Publicado el 19 octubre 2022 por Kim Nguyen

Me fascina el poder de invocación de las palabras. Decir, por ejemplo “no hay una tetera sobre la mesa”, y sin embargo forzar así a la gran mayoría de este auditorio, no solo a elegir una tetera, sino a hacer el esfuerzo, casi imposible, de tener que hacerla desaparecer. Así de peligrosa es la imaginación, así de poderosa.

Imaginen que están en la playa con mamá y papá. ¿Qué ven? ¿Qué edad tienen? ¿Qué objetos los rodea? ¿En qué momento del día están? ¿Qué están haciendo? Hace tiempo que pienso alrededor de este ejercicio simple, voy probándolo en talleres y seminarios de escritura creativa. Al principio, hacíamos este ejercicio en voz alta: los participantes levantaban la mano y contestaban uno a uno estas preguntas. Enseguida me di cuenta de que lo que descubrían los asustaba, los intimidaba tanto que algunos empezaban a mentir, y en cuanto entendían lo que estaba ocurriendo cambiaban sus resultados. Así que para capturar sus primeras impresiones sin que luego las tergiversen, ahora pido que en lugar de decir lo que ven, se tomen un minuto y lo dibujen. Cuando vemos los dibujos, ya no hay tiempo para cambiar de opinión. La inmensa mayoría -a veces incluso todos los participantes-, dibuja una línea para dividir el mar de la arena, con unas olas del lado del mar y un sol arriba. Se dibujan pequeños, como si tuvieran entre 4 y 10 años, dibujan sombrillas y pelotas. Todos los que dibujan baldes, dibujan al lado una pala. Más de la mitad arriesga alguna toalla en el piso o incluso alguna nube. Y a todos los asusta el resultado, casi diría que los paraliza. Igual que en las mejores historias, por un momento se quedan suspendidos.

Descubrirnos predecibles, pensarnos poco originales, es una sensación desoladora. Incluso hay alumnos que asumen que hay algo que hicieron mal. Pero, ¿y si este ejercicio viniera a demostrar todo lo contrario y no hubiera nada, absolutamente nada que hubiera salido mal?
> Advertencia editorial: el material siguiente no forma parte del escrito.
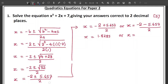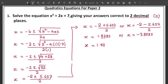Remember our answers must be to two decimal places. For the first solution, 1.8285 — the third decimal is 8, which is greater than 4, so we round up: x equals approximately 1.83. For the second solution, negative 3.8285 — similarly rounded: x equals approximately negative 3.83. These are our final answers for the 5-mark question.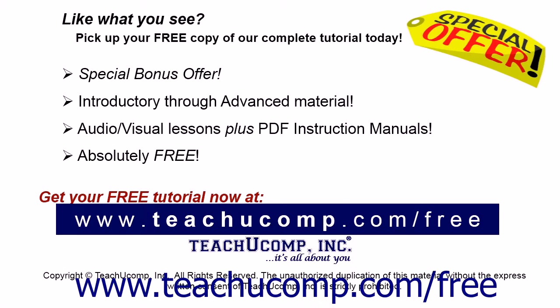Like what you see? Pick up your free copy of the complete tutorial at www.teachucomp.com/free.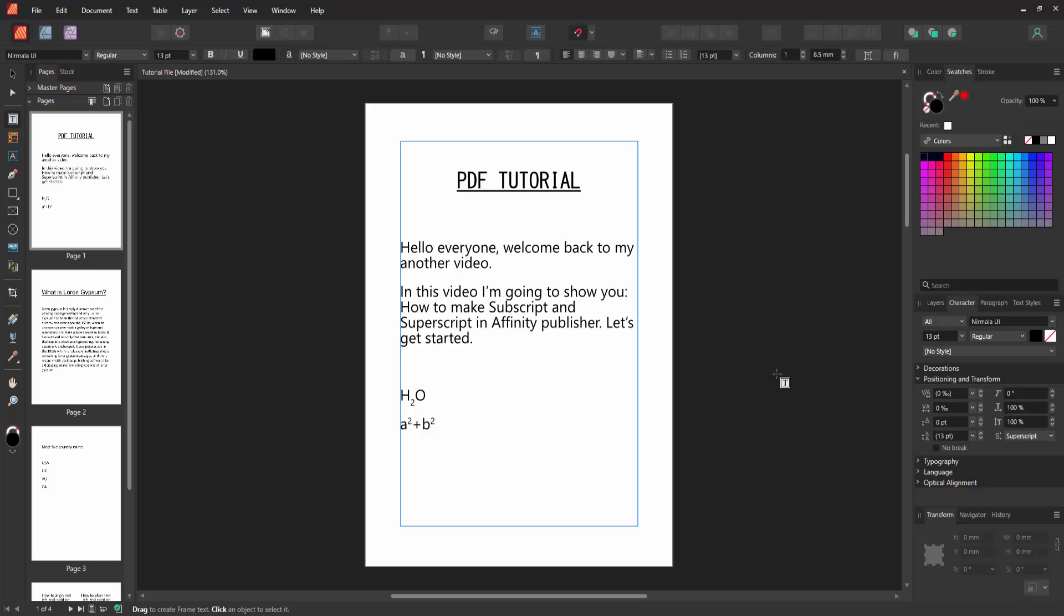Then click outside of the text box. Now we can see we made subscript and superscript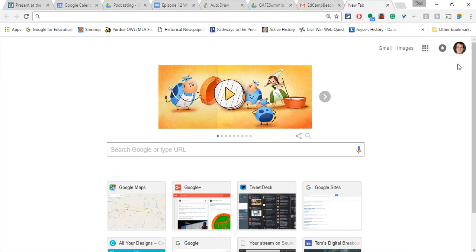Hi, I'm Tom Mullaney, Google certified innovator and trainer. This video is about making a Google Classroom with your personal Google account. It is finally here.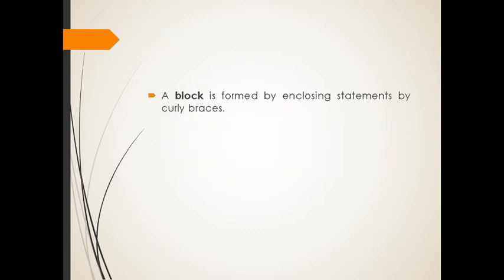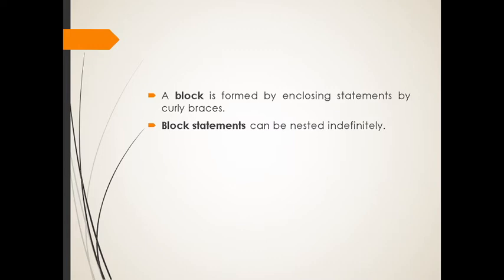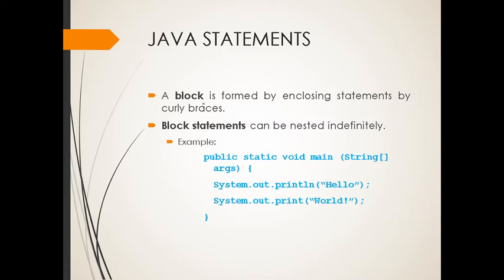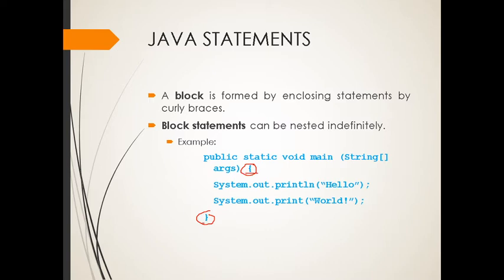Let's proceed. Also, if we will talk about blocks or a block statement in Java, actually a block is formed by enclosing statements by curly braces. If there is a curly brace, that means that these statements are actually a block statement because it started with the opening curly brace, then it will end with the closing curly brace.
La literatura “sucede”. Una novela, un cuento, adentro de un libro cerrado, es un texto muerto, ideas más o menos extraordinarias que no “le pasan” a nadie. La literatura “sucede” durante la lectura, y estoy convencida de que es algo que sucede de a dos. Está el que escribe, y está el que lee, si alguno de los dos está ausente, no hay literatura. No es una idea poética, es un suceso sobre el que quiero pensar de la forma más práctica y concreta posible.

La literatura sucede en un tiempo determinado, como por ejemplo, lo que tardo en decir una oración. Durante ese tiempo cada palabra tiene un impacto preciso en la cabeza y en el cuerpo del lector. Sucede al ritmo de un baile de a dos: un paso el escritor, un paso el lector. Y la principal regla del baile es la misma que en la escritura: se baila de a dos, pero sin pisarse.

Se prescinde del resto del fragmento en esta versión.